Christophe Rhodes <csr21@...> wrote on Sat, 13 Aug 2011:
> Don Geddis <don@...> writes:
>> decoding error on stream
>> #<SB-SYS:FD-STREAM for "file /home/geddis/www/don/lisp/asciify.lisp"
>> {AA7C181}>
>> (:EXTERNAL-FORMAT :ASCII):
>> the octet sequence (225) cannot be decoded.
> Your external format for this stream is :ASCII, meaning that code
> points (bytes) 0-127 are mapped to characters, and everything else is
> an error: ASCII is a 128-character repertoire. The first step in
> fixing this problem is going to be opening asciify.lisp in a non-ASCII
> external format. (I'm surprised that you're getting ASCII as the
> default, even after you did something explicitly to select a UTF-8
> locale; checking with "locale -k LC_CTYPE | grep charmap" might be
> worthwhile). SBCL takes its default external format from the
> environment; you can check that it's doing that correctly by looking
> at sb-impl::*default-external-format*, once your Unix environment is
> sorted out.
Just to complete this report:
unix:~> echo $LANG
en_US.UTF-8
unix:~> locale -k LC_CTYPE | grep charmap
charmap="ANSI_X3.4-1968"
unix> sbcl
This is SBCL 1.0.50.0.debian, an implementation of ANSI Common Lisp.
More information about SBCL is available at <http://www.sbcl.org/>.
SBCL is free software, provided as is, with absolutely no warranty.
It is mostly in the public domain; some portions are provided under
BSD-style licenses. See the CREDITS and COPYING files in the
distribution for more information.
* sb-impl::*default-external-format*
:ANSI_X3.4-1968
* (quit)
> The second step is going to be to identify the actual encoding of your
> source file: is it stored on the disk in ISO-8859-1, UTF-8 or something
> else?
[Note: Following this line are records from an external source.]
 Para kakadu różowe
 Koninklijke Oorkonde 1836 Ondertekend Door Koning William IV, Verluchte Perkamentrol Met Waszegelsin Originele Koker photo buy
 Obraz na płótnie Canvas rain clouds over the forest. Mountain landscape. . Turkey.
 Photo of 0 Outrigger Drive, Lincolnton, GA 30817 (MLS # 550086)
From looking at the file that's served up from your webserver, I
> suspect ISO-8859-1 (an 8-bit encoding that I think we can just about
> call "legacy" these days), which means that even if you have a UTF-8
> locale you will have to tell sbcl explicitly to load it with that
> external format -- or else you'll have to set up your Unix to use an
> ISO-8859-1 LC_CTYPE. (I don't recommend this unless you really know
> what you're doing).
And, obviously, I barely know what I'm doing.
It seems like I would have more luck if my source file were UTF-8
instead of ISO-8859-1. I think it came from typing a text file into
emacs, perhaps copying particular characters from usenet postings read
in GNUS (again, with emacs). Or possibly from a web browser, into an
emacs text file.
Does't seem to help, though. I did
iconv -f ISO-8859-1 -t UTF-8 asciify.lisp > a2.lisp
but an attempt to (load "a2.lisp") in sbcl fails in the same way, for
the obvious reason: as you noted above, my sbcl seems to default to
:external-format :ascii
so all of these encodings are going to fail (by default).
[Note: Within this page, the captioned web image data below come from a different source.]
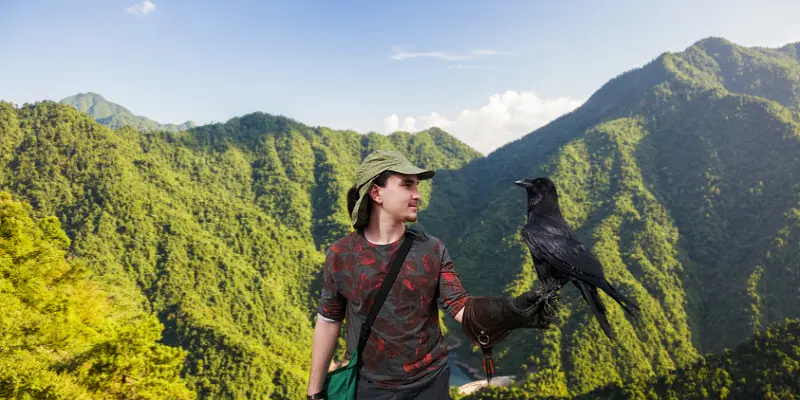 Common Challenges When Owning A Pet Raven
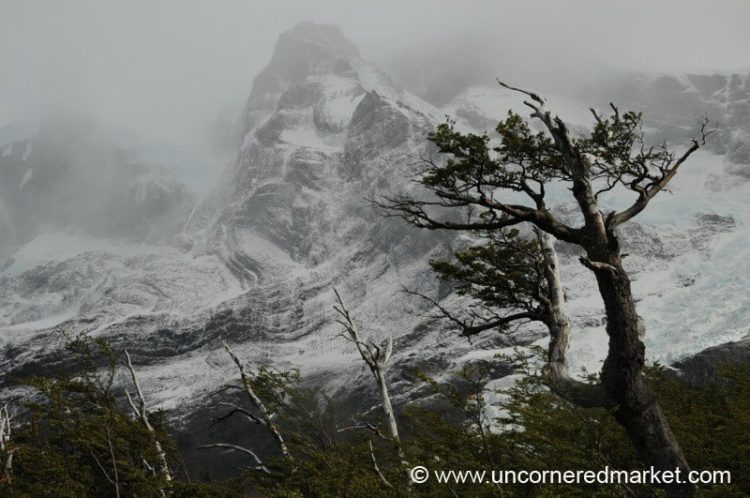 Torres del Paine, Crazy Winds and Weather
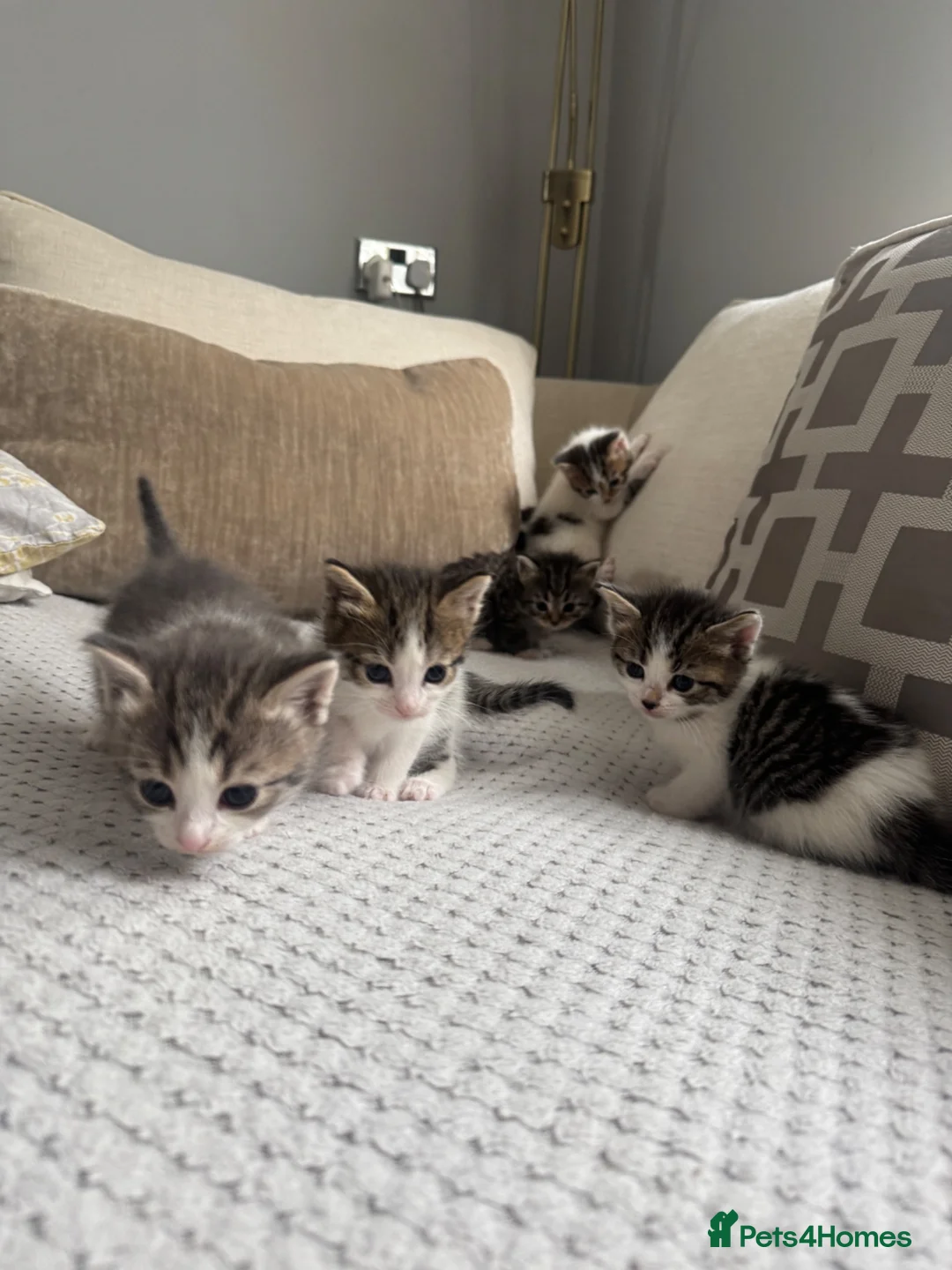 Mixed Breed cats for sale: 6 gorgeous kittens for sale - Advert 1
> I hope that the above gives you some ideas; the important thing is to
> understand character encodings, at which point it should all become
> blindingly obvious.
Thanks for everybody's help. I now understand this topic (a little)
better.
It still seems ... unhelpful? ... for sbcl to default to :ASCII as an
external format. You seem surprised by this. But I have the same
behavior on both a Debian box and also a Ubuntu box (running different
sbcl versions), so it seems intentional.
Nonetheless, I have a workaround: I can add an :EXTERNAL-FORMAT argument
to all my LOADs and COMPILE-FILEs.
Thanks, all.
-- Don
_______________________________________________________________________________
Don Geddis http://don.geddis.org/ don@...
Parents seem to think their kids are like clay, that you mould them into the
right shape when they're wet. A better metaphor is that kids are like
flexible plastic -- they respond to pressure, but when you release the
pressure they tend to pop back to their original shape. -- Bryan Caplan
|